* [Data]
+++
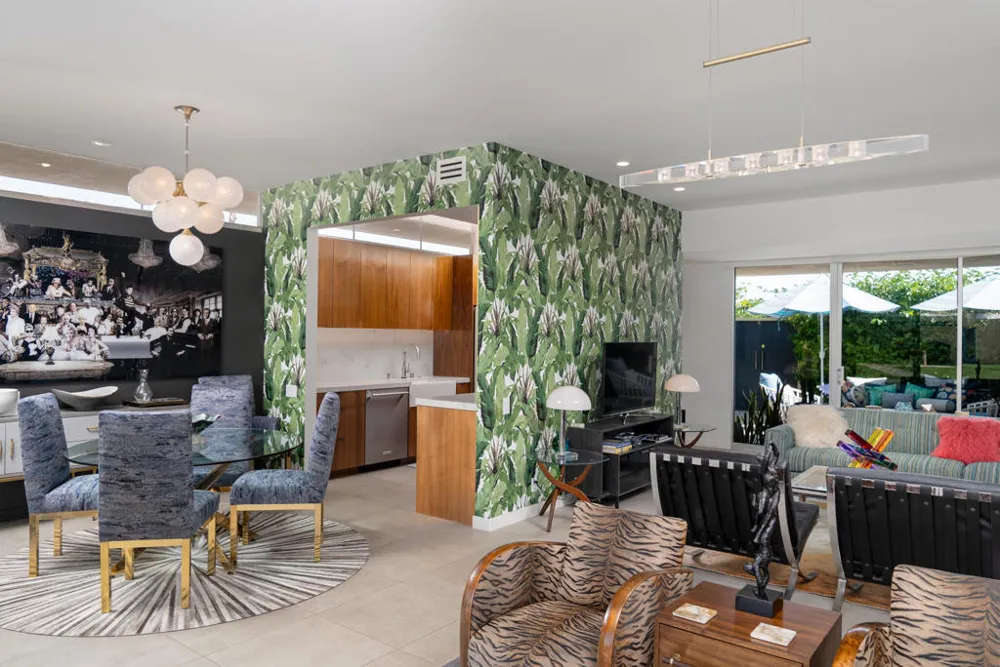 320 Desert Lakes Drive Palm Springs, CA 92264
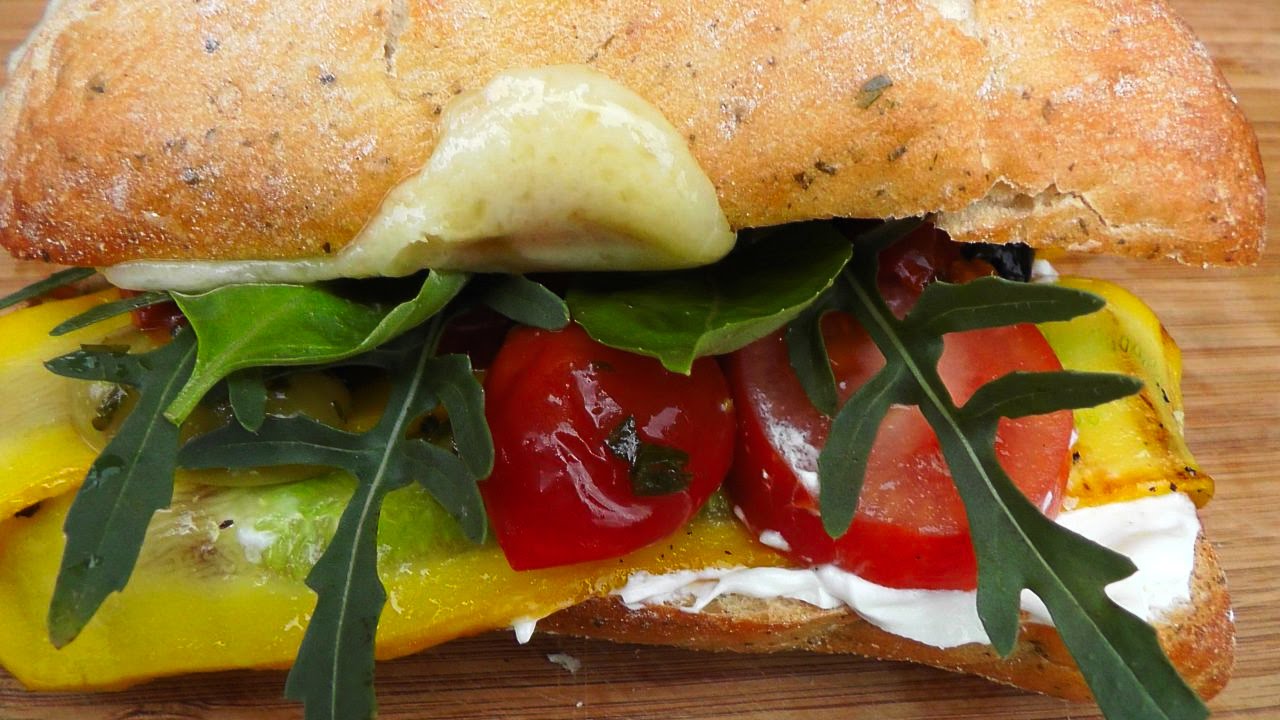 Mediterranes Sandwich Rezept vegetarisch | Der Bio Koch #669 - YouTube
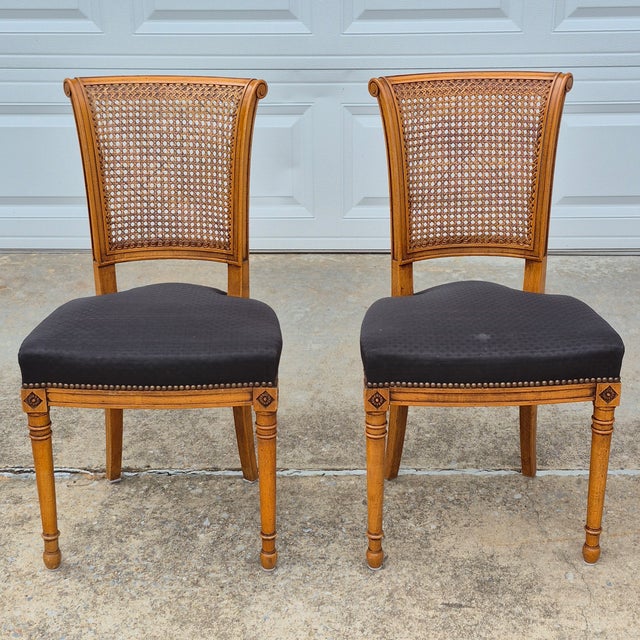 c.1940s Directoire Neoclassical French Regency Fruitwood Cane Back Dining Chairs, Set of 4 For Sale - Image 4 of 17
+++
* [Exercise objective]
The whole listing above should be restated word for word, minus any images.

* [Response for this exercise]
 320 Desert Lakes Drive Palm Springs, CA 92264
 Mediterranes Sandwich Rezept vegetarisch | Der Bio Koch #669 - YouTube
 c.1940s Directoire Neoclassical French Regency Fruitwood Cane Back Dining Chairs, Set of 4 For Sale - Image 4 of 17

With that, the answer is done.